Yeah so I made a mistake regarding my loans. I had no financial knowledge when I was 17 and applying to schools and just trusted my parents to do the right thing for me financially. It didn't work out that way. That's in the past. Not really, but no point in whining about it. But it is going to affect my future career decisions....

 

Thus I have two options at this juncture...

 

Option 1) I wanted to get a PhD in psychology (specifically quantitative psychology) but given the amount of loans I have, I am questioning whether it is the right decision to let these loans accumulate interest for 5 or 6 years (the majority accumulate interest, a few of my federal loans don't). I've calculated I'm going to accrue about 3500 in interest a year while they are deferred. So the possibility exists I will accrue 20k in interest. Depending on my stipend level I may be able to pay half or all of this by saving 150 to 300 a month and being extremely frugal.

 

Option 2) I can try to find jobs in business that pay more now, and pay down my loans and either find an employer to pay for graduate school or attend part-time while I work and not accrue any debt.

 

I have a  BS in Psychology from a public ivy and I graduated cum laude, but most of my job experience is in research although I did work for one business for an internship.
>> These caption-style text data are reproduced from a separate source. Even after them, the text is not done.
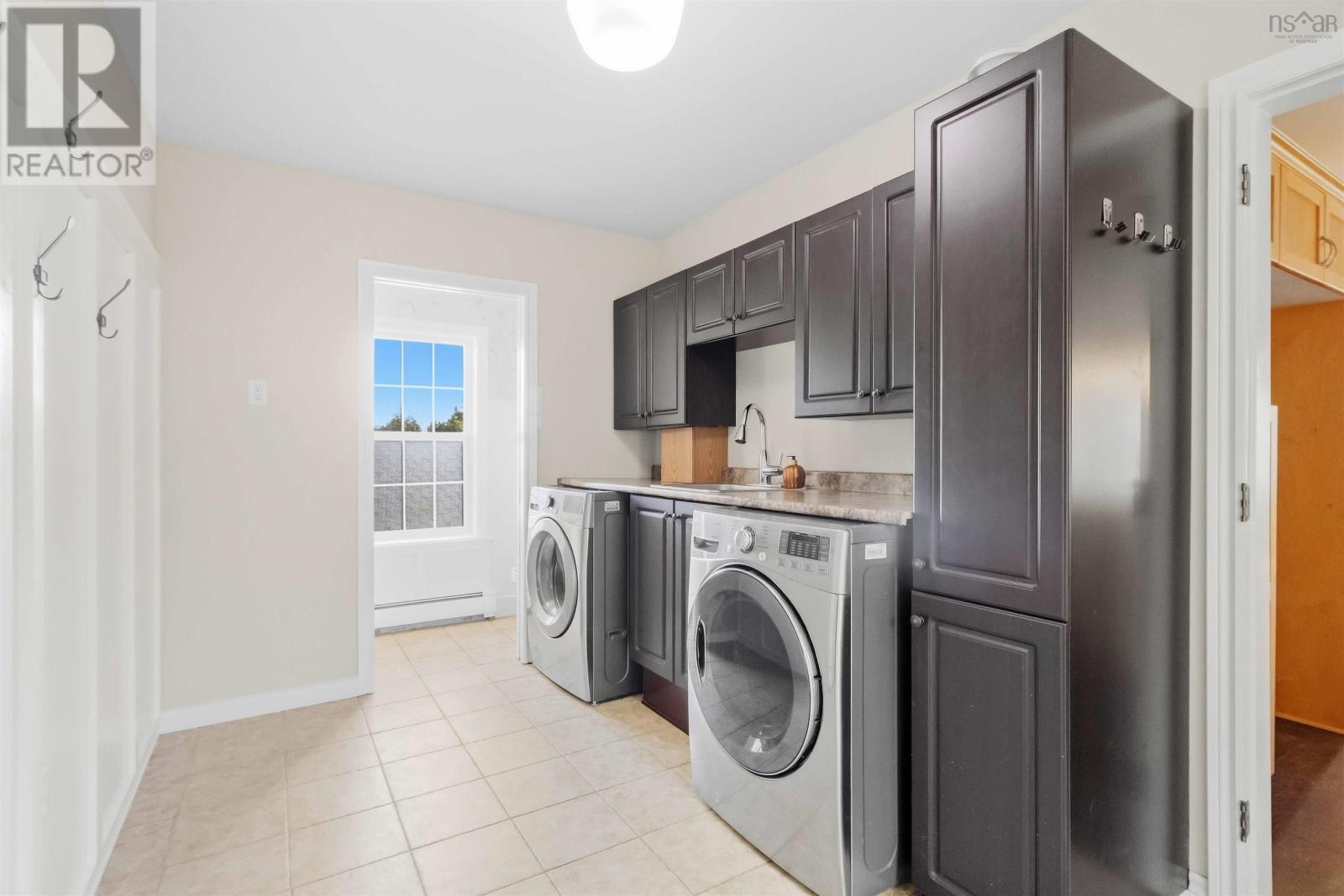 28 Carmel Crescent Property Photo 15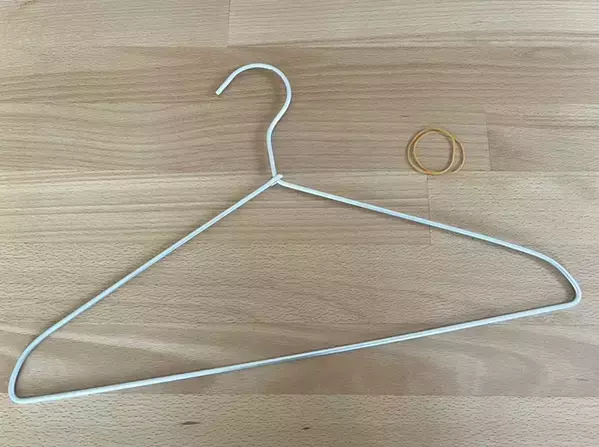 ハンガーの『3か所』に輪ゴムを巻いてみて！　裏ワザに「これは意外と思いつかなかった…」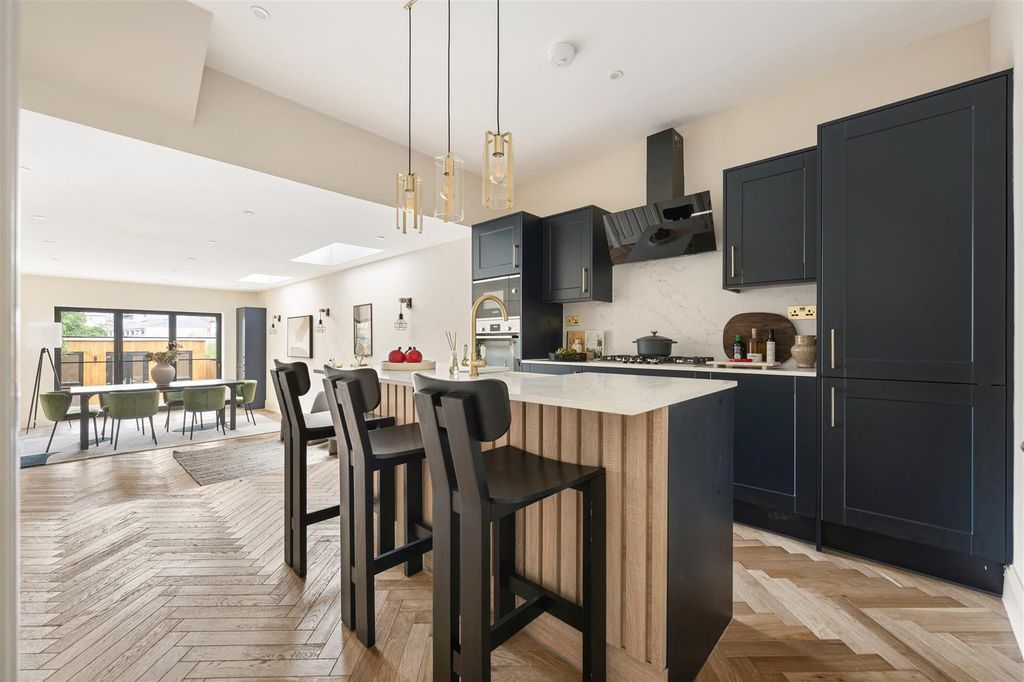 Property photo 3 of 56 Blenheim Road, E17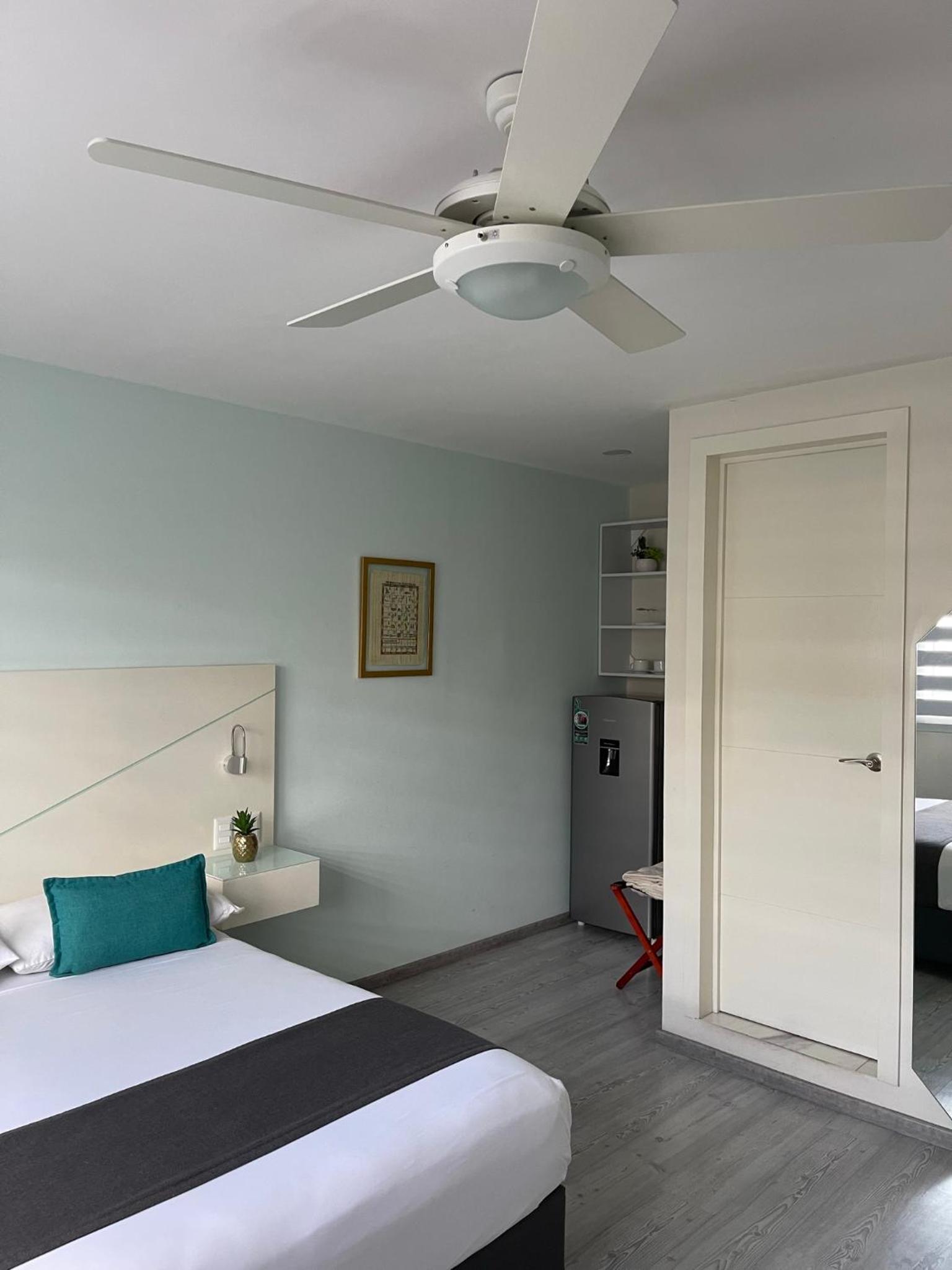Deluxe Double Room - Photo 24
I was thinking I might be able to find an entry level job doing market research or low level finance work.

 

Any advice would be greatly appreciated....

Edited by Grimnir
Posted

Well, the thing is that your loans would accrue interest regardless of whether they were in deferment or not.  They will be accruing more interest, of course, since you are not repaying.  FinAid.org's cost of interest capitalization calculator says that a $50,000 loan that is deferred for 6 years without repayment would accrue about $20,400 in interest.  But in the end, you're only paying about $8,000 more than you would've paid without the 6 years of deferment - because you have to subtract out the interest that would've accrued anyway during the 6 years that you were in repayment.

 

So really, it's up to whether you think that extra $8,000 in accrued interest is worth the PhD.  Honestly, a PhD in quantitative psychology is a useful degree both inside and outside academia - it's the subfield I wish I had gone into (I didn't know it existed in college!) and quantitative psychologists are in pretty high demand.  Inside academia there are more job listings than there are quant psych PhDs; outside academia, you could work for data science firms or educational testing and measurement firms or as a quant, all of which are pretty lucrative fields.  I'm doing a quant postdoc now to try and make the transition; my mentors are quantitative psychologists who have started a methodology center focused on applying advanced statistics to social science methods and they are typically supported by serving as the analytical consultants on people's grants.

 

Also

 

Option 2) I can try to find jobs in business that pay more now, and pay down my loans and either find an employer to pay for graduate school or attend part-time while I work and not accrue any debt.

 

If you want a PhD in quant psych, you won't be able to do this most likely.  You can't attend PhD programs part-time (most PhD programs, anyway; any reputable program in quantitative psychology wouldn't allow you to attend part time).  You also wouldn't need an employer to pay for your PhD - I haven't heard of this happening, but most quant psych programs are funded anyway.